Records from a data collection:
+++

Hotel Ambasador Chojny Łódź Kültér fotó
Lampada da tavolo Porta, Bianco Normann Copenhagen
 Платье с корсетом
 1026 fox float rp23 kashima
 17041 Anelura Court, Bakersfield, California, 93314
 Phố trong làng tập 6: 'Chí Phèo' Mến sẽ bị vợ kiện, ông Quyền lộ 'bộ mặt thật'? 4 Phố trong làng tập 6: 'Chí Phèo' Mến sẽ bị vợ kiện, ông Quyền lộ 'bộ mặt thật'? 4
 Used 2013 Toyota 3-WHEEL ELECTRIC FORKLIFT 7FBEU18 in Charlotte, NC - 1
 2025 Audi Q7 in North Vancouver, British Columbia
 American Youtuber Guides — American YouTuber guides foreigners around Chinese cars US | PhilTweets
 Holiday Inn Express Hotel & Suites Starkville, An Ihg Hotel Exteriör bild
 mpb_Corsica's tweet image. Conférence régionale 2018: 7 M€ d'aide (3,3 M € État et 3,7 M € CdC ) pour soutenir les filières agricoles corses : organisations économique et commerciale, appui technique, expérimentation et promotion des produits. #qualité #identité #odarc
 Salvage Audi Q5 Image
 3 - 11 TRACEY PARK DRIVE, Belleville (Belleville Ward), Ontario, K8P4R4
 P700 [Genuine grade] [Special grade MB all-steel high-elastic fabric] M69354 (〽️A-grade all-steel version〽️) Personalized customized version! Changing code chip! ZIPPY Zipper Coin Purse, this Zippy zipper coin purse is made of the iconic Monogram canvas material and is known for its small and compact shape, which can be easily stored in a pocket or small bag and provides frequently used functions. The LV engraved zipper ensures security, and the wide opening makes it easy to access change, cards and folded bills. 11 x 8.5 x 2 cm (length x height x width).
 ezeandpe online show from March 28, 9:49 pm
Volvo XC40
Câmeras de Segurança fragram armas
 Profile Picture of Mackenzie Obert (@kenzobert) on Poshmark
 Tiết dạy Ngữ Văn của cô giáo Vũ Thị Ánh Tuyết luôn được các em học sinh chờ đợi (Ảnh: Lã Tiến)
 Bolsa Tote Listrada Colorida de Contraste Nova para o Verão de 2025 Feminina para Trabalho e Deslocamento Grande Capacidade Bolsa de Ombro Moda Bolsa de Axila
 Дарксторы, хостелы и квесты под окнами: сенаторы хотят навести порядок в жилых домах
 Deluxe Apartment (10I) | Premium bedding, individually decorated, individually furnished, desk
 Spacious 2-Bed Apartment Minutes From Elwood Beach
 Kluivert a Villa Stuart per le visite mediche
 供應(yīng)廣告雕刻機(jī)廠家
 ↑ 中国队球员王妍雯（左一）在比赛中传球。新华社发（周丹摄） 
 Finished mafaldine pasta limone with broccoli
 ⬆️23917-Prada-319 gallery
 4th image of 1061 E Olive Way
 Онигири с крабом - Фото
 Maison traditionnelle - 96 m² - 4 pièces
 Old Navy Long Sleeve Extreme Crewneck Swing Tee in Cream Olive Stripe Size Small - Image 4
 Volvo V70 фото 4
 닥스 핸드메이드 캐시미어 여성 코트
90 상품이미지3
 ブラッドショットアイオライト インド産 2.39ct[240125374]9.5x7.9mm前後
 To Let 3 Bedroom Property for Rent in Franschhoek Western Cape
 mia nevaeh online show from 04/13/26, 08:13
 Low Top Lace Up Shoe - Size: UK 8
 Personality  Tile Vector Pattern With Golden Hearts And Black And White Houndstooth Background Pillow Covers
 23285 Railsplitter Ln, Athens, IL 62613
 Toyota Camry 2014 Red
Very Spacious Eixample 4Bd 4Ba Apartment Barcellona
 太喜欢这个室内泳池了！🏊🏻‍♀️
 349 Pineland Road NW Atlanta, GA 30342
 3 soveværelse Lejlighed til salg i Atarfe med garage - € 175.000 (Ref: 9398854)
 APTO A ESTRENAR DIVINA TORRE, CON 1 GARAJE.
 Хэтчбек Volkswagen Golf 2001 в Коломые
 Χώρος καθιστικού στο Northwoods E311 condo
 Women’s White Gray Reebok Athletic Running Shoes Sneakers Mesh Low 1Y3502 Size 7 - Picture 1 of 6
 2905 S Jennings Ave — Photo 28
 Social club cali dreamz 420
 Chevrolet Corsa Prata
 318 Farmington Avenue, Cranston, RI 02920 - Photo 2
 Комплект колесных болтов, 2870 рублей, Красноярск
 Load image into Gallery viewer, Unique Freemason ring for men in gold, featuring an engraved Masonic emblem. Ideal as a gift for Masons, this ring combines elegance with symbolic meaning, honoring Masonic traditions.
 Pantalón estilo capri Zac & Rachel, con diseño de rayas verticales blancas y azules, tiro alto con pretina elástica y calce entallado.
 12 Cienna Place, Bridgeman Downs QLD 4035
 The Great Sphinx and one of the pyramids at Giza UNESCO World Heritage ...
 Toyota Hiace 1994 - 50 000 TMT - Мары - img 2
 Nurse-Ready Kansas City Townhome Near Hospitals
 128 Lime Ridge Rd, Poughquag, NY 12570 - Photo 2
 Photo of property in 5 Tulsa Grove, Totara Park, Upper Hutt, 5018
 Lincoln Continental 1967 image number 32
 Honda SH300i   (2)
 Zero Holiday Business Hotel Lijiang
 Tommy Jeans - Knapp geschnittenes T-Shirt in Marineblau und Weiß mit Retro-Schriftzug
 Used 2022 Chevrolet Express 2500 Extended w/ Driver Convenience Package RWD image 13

+++

_EXERCISE_
Check all the records above and select each line where the string "Chevrolet" is found.

_SOLVED EXERCISE_
 Chevrolet Corsa Prata
 Used 2022 Chevrolet Express 2500 Extended w/ Driver Convenience Package RWD image 13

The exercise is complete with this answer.